Explicit risk and effort signalling. Rather than leaving the risk assessment to intuition, the agent surfaces risk and effort data directly alongside each option, information drawn from runbooks, historical incident data, or its own analysis.
Unambiguous intent. A clicked button maps to an exact, machine-readable action. There is no natural language ambiguity between “scale it up” and “increase the replicas”. The identifier-to-sentence mapping ensures the LLM receives exactly the intent the engineer confirmed.
Resumable agent loop. Because the injected confirmation sentence re-enters the chat thread like any other user message, the LLM loop resumes without special-case handling. The agent continues its workflow as if the engineer had typed the response naturally.

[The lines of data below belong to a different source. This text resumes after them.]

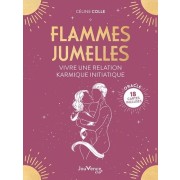  Flammes jumelles - Vivre une relation karmique initiatique. 18 cartes incluses  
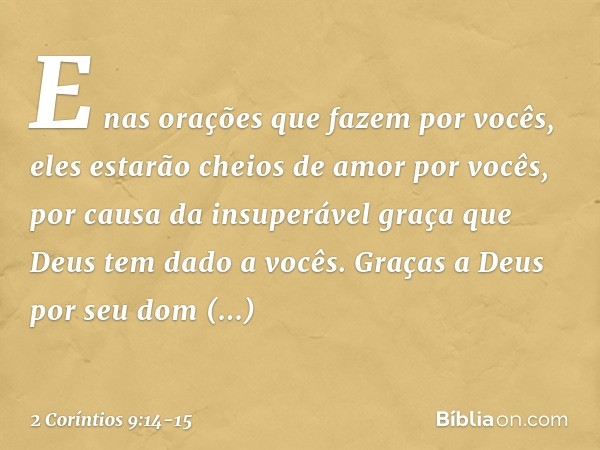 E nas orações que fazem por vocês, eles estarão cheios de amor por vocês, por causa da insuperável graça que Deus tem dado a vocês. Graças a Deus por seu dom in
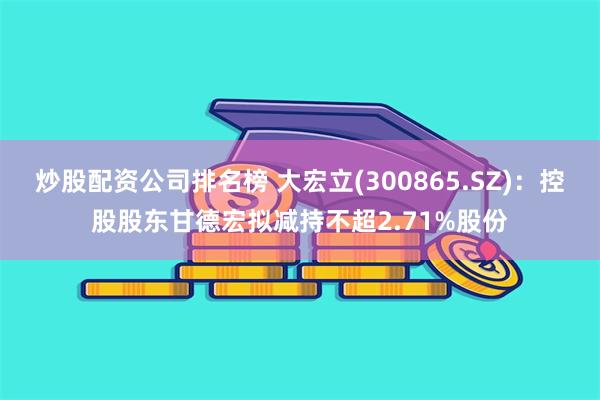 炒股配资公司排名榜 大宏立(300865.SZ)：控股股东甘德宏拟减持不超2.71%股份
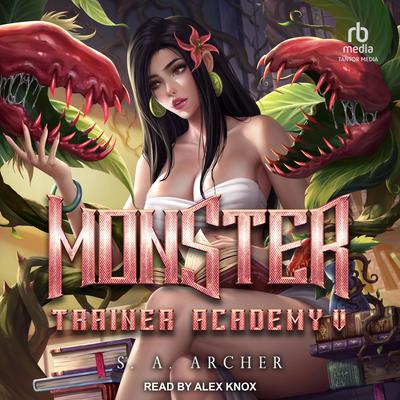 Monster Trainer Academy V by S. A. Archer audiobook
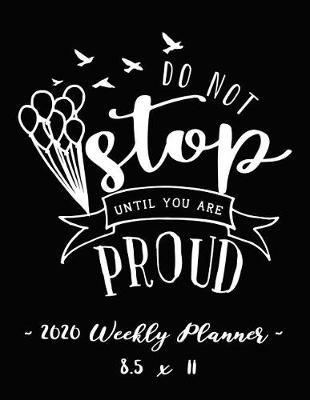 Book cover for 2020 Weekly Planner - Do Not Stop Until You Are Proud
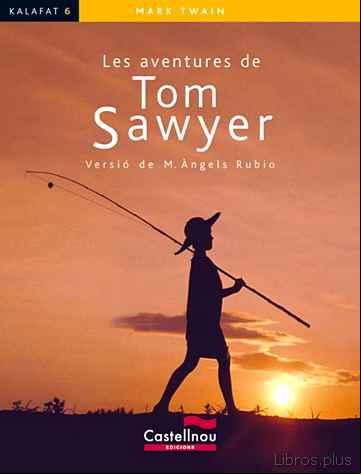 Descargar ebook LES AVENTURES DE TOM SAWYER (2ª ED)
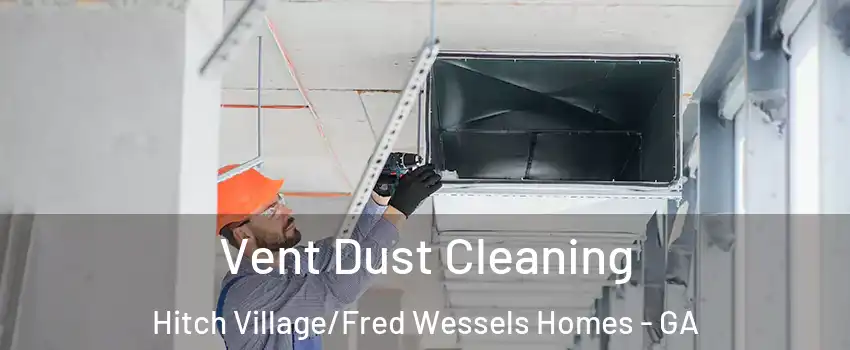 Vent Dust Cleaning Hitch Village/Fred Wessels Homes - GA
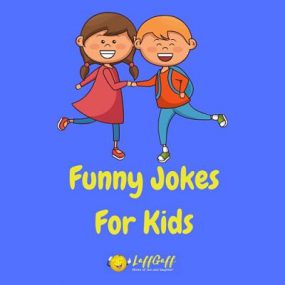 99 Really Corny Jokes For Kids - Funny Cheesy Jokes!
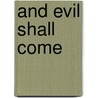 And Evil Shall Come door Paul D. Ellner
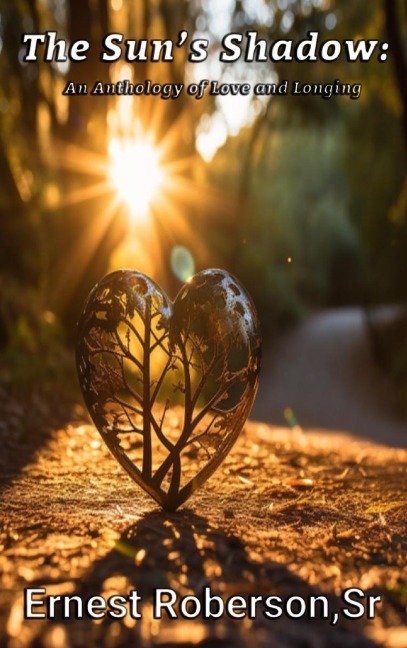 The Suns Shadow: An Anthology of Love and Longing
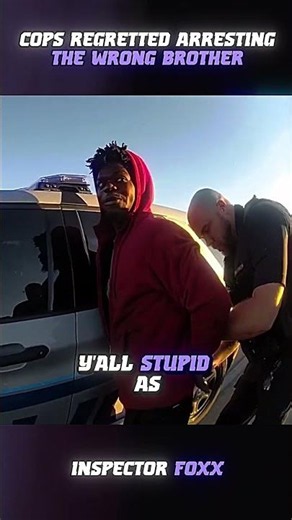 Cops Regretted Arresting The Wrong Brother!!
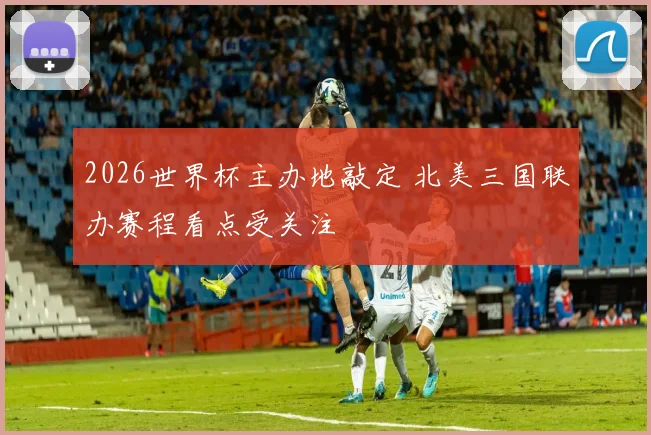 2026世界杯主办地敲定 北美三国联办赛程看点受关注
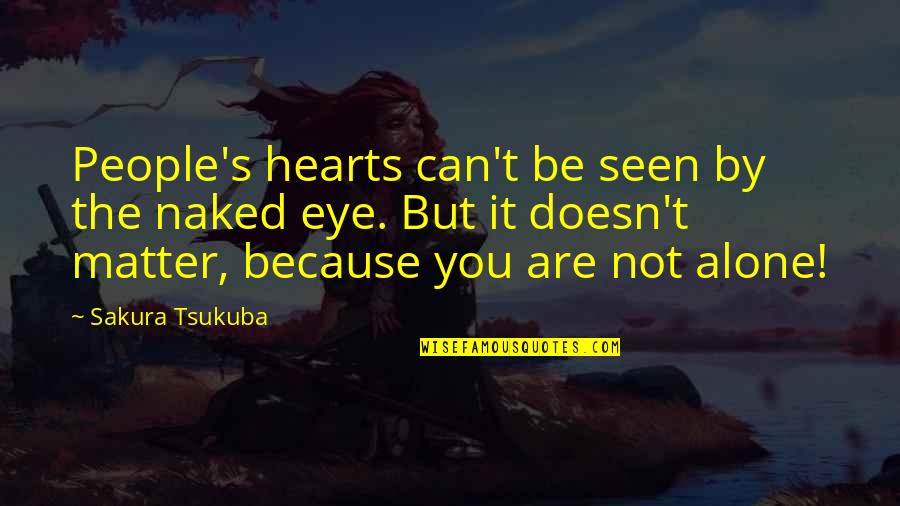 It's Because Of You Quotes By Sakura Tsukuba: People's hearts can't be seen by the naked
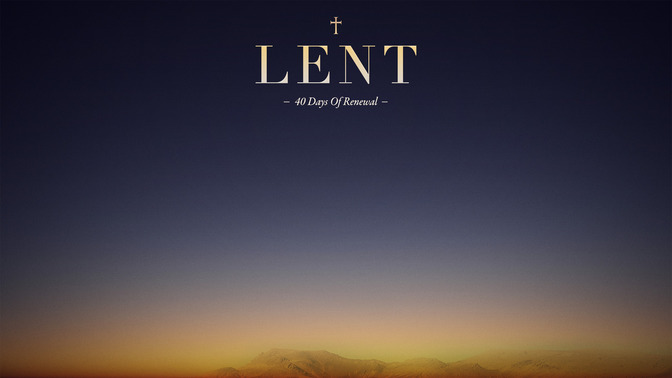 Lent_16x9-CONTENT-1#preset=tg_alt1.jpg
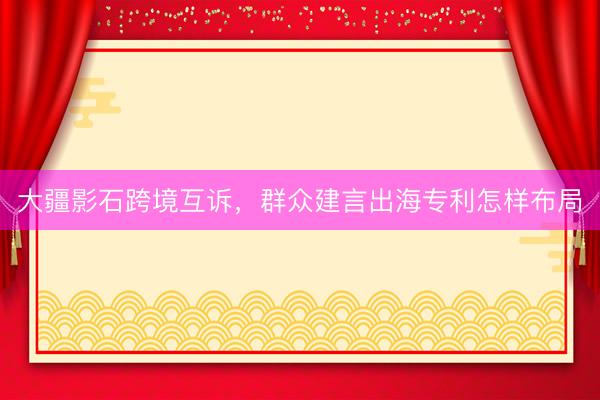 大疆影石跨境互诉，群众建言出海专利怎样布局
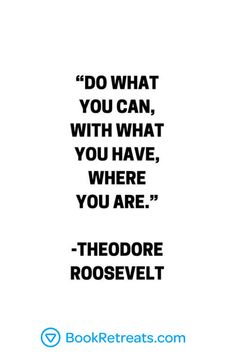 a quote that reads do what you can, with what you have, where you are theodore roosevelt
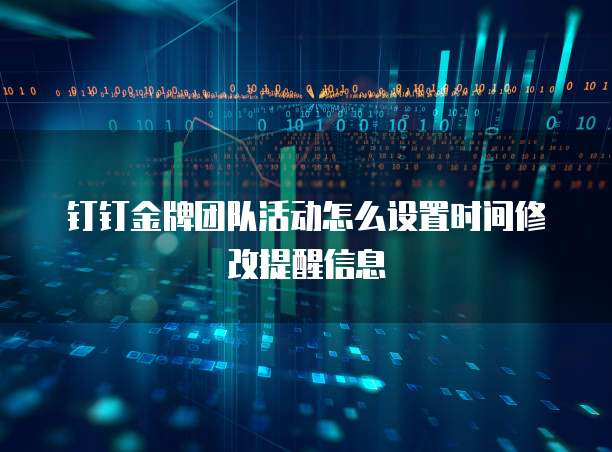 钉钉金牌团队活动怎么设置时间修改提醒信息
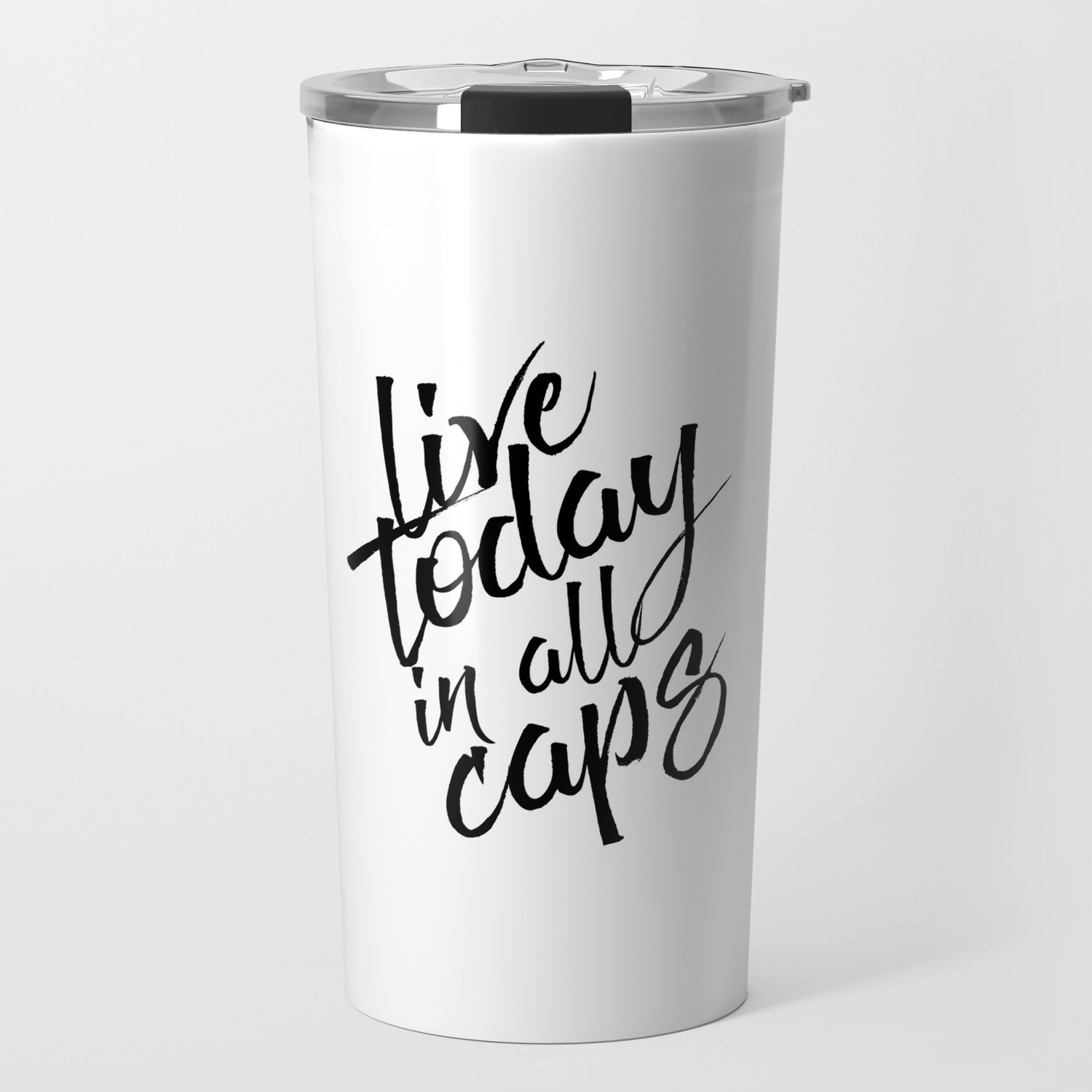 Live Today In All Caps Black And White Nursery Decor Office Decor Bedroom Travel Mug By Nathanmoore209 Society6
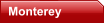 Monterey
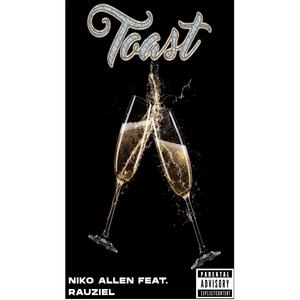 Toast (feat. Rauziel) (Explicit)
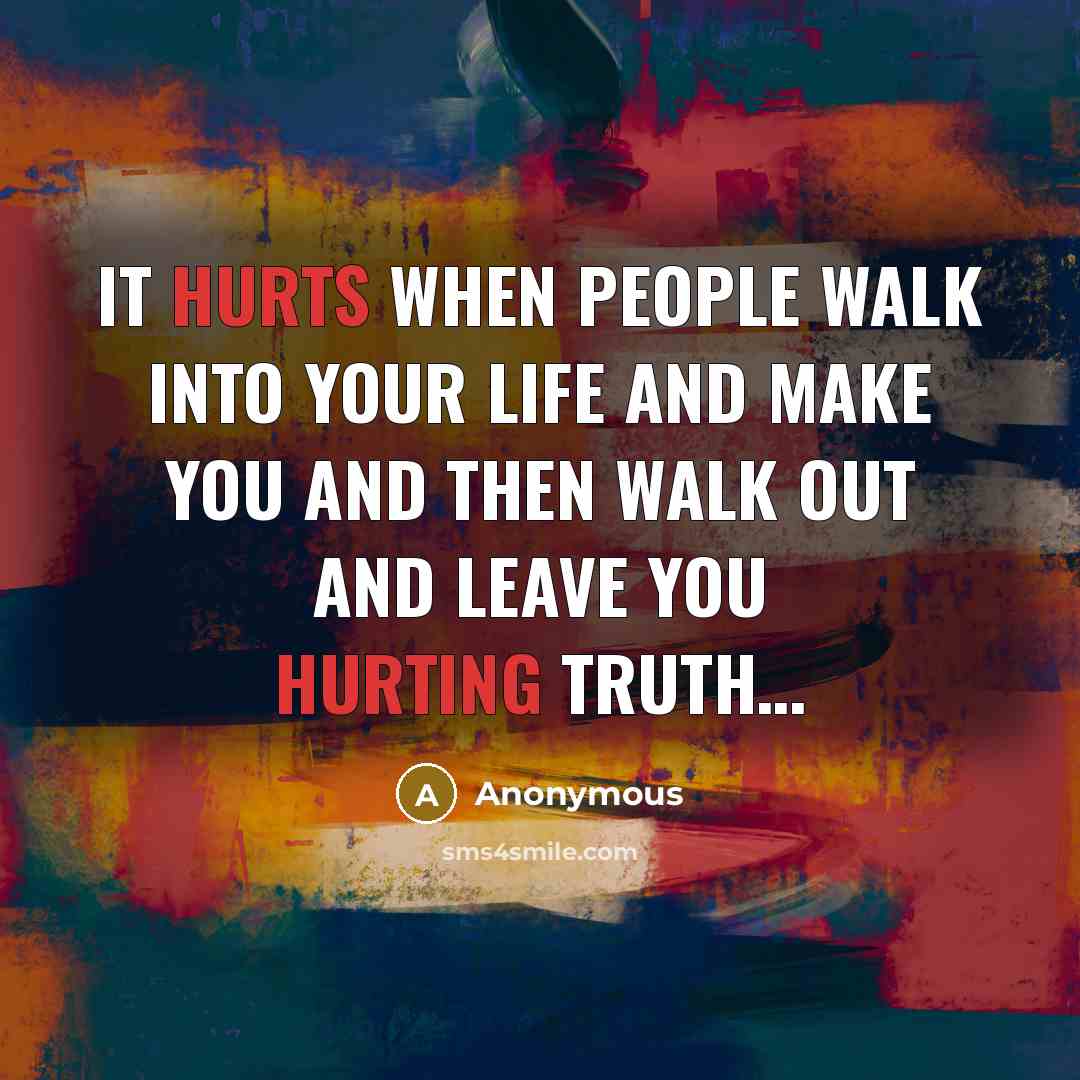 “It hurts when people walk into your life and make you and then walk out and leave you hurting Truth…” quote by Anonymous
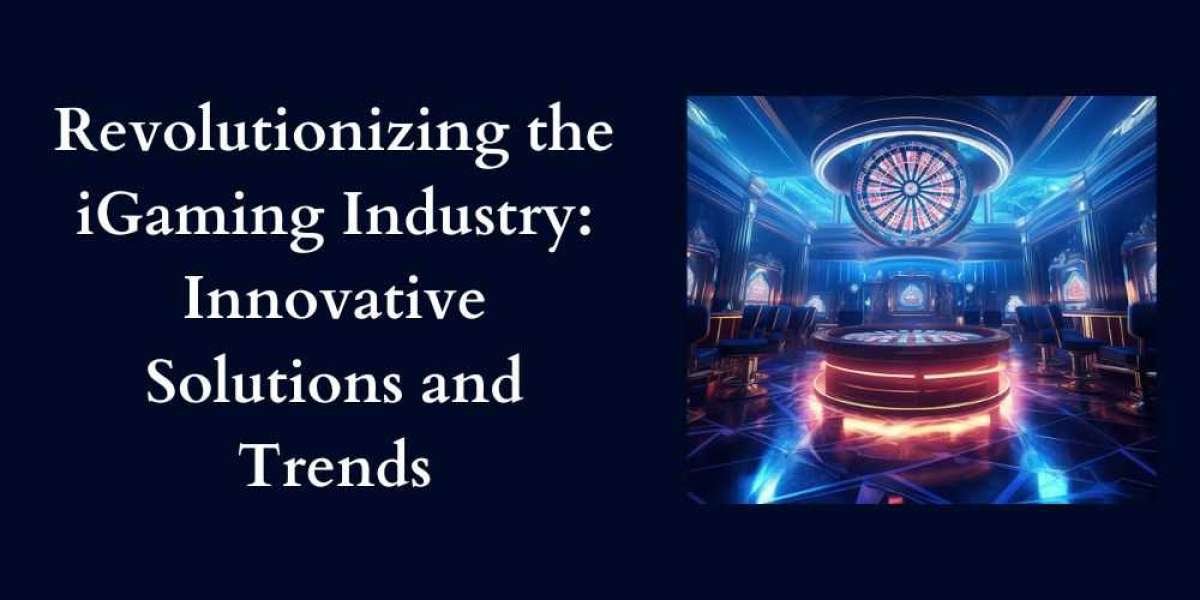 Revolutionizing the iGaming Industry with Innovative Solutions and Trends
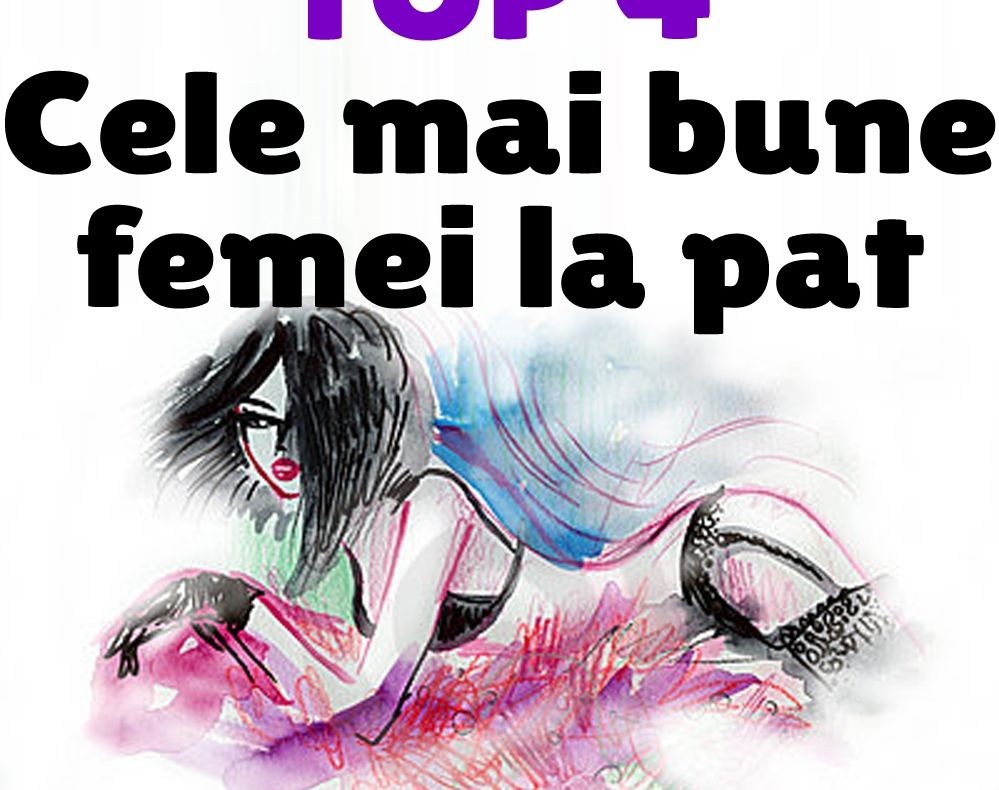 TOP 4 Cele mai bune femei la pat, în funcţie de zodie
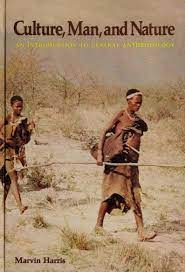 Culture, Man, And Nature An Introduction To General Anthropology - Autor: Marvin Harris (1971) [usado]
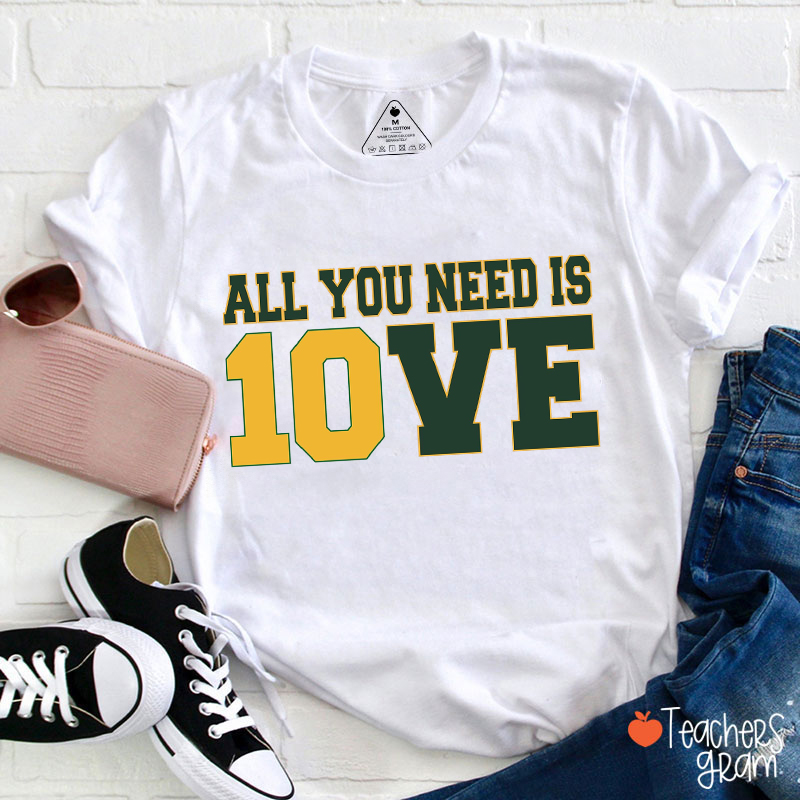 All You Need Is Love Football Teacher T-Shirt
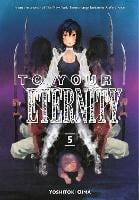 To Your Eternity 5 (Paperback)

The click is the governance
A lot of AI SRE products talk about human-in-the-loop as a safety concept. ActionOption Cards make it a UX reality. The engineer doesn’t approve an action by typing “yes” into a chat box, they click a button that surfaces the risk, the effort, and the trade-off at a glance. The approval is informed and it’s fast.
That’s the difference between an AI agent bolted on top of a product and one that’s built into it. The agent earns autonomy gradually, and at every step, the human approval moment is designed to be as clear and fast as the AI investigation that preceded it.
Back to 2:47 a.m. The AI investigated. Three options are on screen. One click.